**AIM OF THE EXERCISE:**
Only the stretch below from the line holding "USB 3.1 Gen2" through the line holding "Bathroom Toothbrush Tumblers" should be restated, word for word and with both ends included; pictures stay out.
*** Opening of RECORDED DATA ***
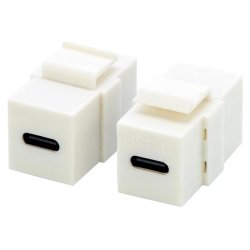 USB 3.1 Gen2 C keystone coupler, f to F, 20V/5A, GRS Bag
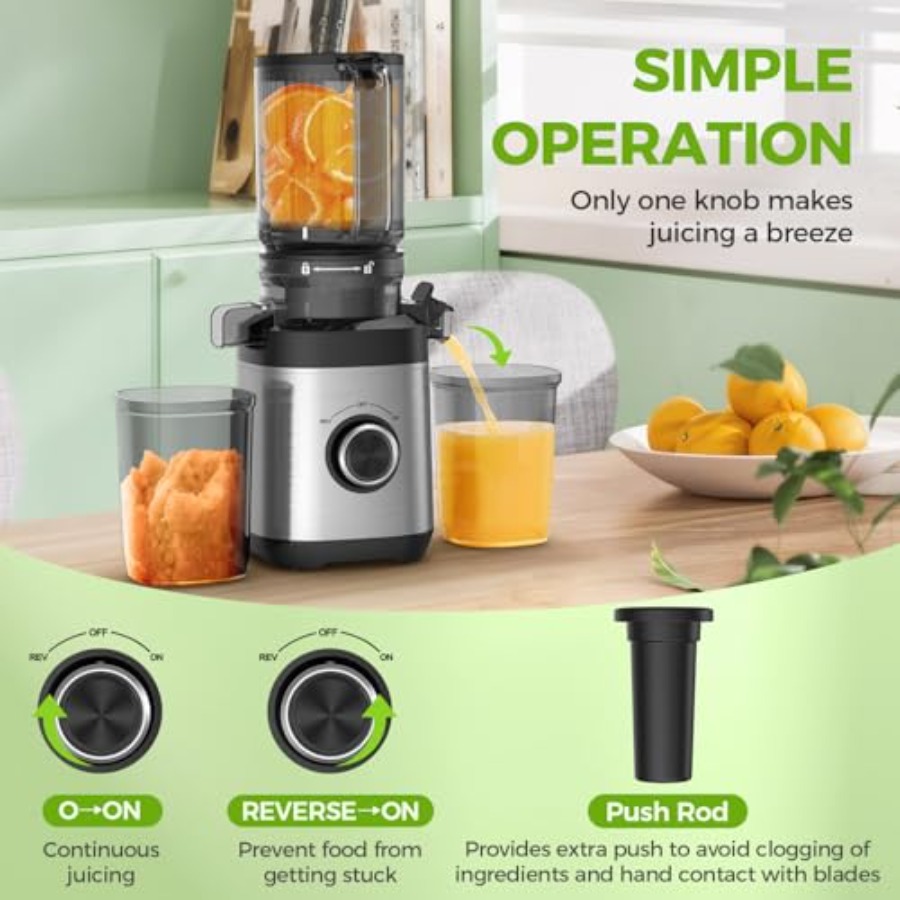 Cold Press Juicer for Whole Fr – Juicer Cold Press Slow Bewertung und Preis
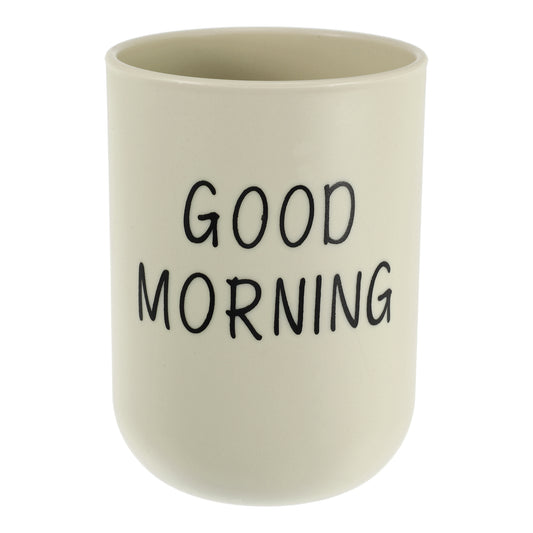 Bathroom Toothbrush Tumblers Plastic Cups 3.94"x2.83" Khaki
*** Close of RECORDED DATA ***
*** Opening of RECORDED DATA ***
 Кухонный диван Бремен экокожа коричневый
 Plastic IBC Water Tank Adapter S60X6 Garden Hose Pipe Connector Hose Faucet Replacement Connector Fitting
*** Close of RECORDED DATA ***
**ANSWER TO THIS PROBLEM:**
 USB 3.1 Gen2 C keystone coupler, f to F, 20V/5A, GRS Bag
 Cold Press Juicer for Whole Fr – Juicer Cold Press Slow Bewertung und Preis
 Bathroom Toothbrush Tumblers Plastic Cups 3.94"x2.83" Khaki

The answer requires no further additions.